Более того, специалисты, занимающиеся психологической войной, не должны забывать, что ее конечной целью является успешное завершение обычной войны. Для этого нужно, чтобы боевые действия были прекращены, а нации возобновили мирные отношения, хотя и на новой основе. Пропаганда, которая слишком много обещает врагу, разъярит и союзников, и население в тылу. И наоборот, пропаганда, призывающая к кровавой мести, наносит вред сторонникам мира во вражеском лагере, если таковые имеются. Ни одна из великих держав, участвовавших во Второй мировой войне, не давала никому точных обещаний, как будут проходить границы государств после нее. Они отделывались лишь общими фразами, помня, что конкретное обещание обрадует одну сторону, но возмутит другую; более того, не получив никаких обещаний, эти стороны будут только сильнее сражаться.

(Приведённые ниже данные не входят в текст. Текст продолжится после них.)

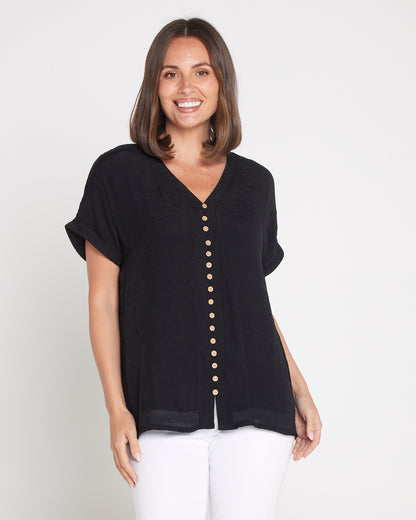Jennifer Short Sleeve Top - Black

Если бы французы не знали, что получат после войны Эльзас, то они воевали бы гораздо активнее, но, если бы им пообещали Эльзас, они стали бы считать, что дело улажено, и начали бы просить отдать им что-нибудь еще. А тем временем другие страны, тоже зарившиеся на Эльзас, огорчились бы или потеряли интерес к делу. Поэтому вопрос о послевоенных границах был очень выгоден для пропаганды.
Президент Рузвельт, стремясь вывести США в мировые державы, пообещал Китаю Маньчжурию, корейцам – Корею, в свое время, а французам – сохранение Французской колониальной империи. Более никаких конкретных обещаний он не давал. Англичане в годы Первой мировой войны пообещали Палестину одновременно арабам и евреям (что только ухудшило и без того непростую ситуацию) и в результате породили кризис, который не удалось разрешить и много лет спустя.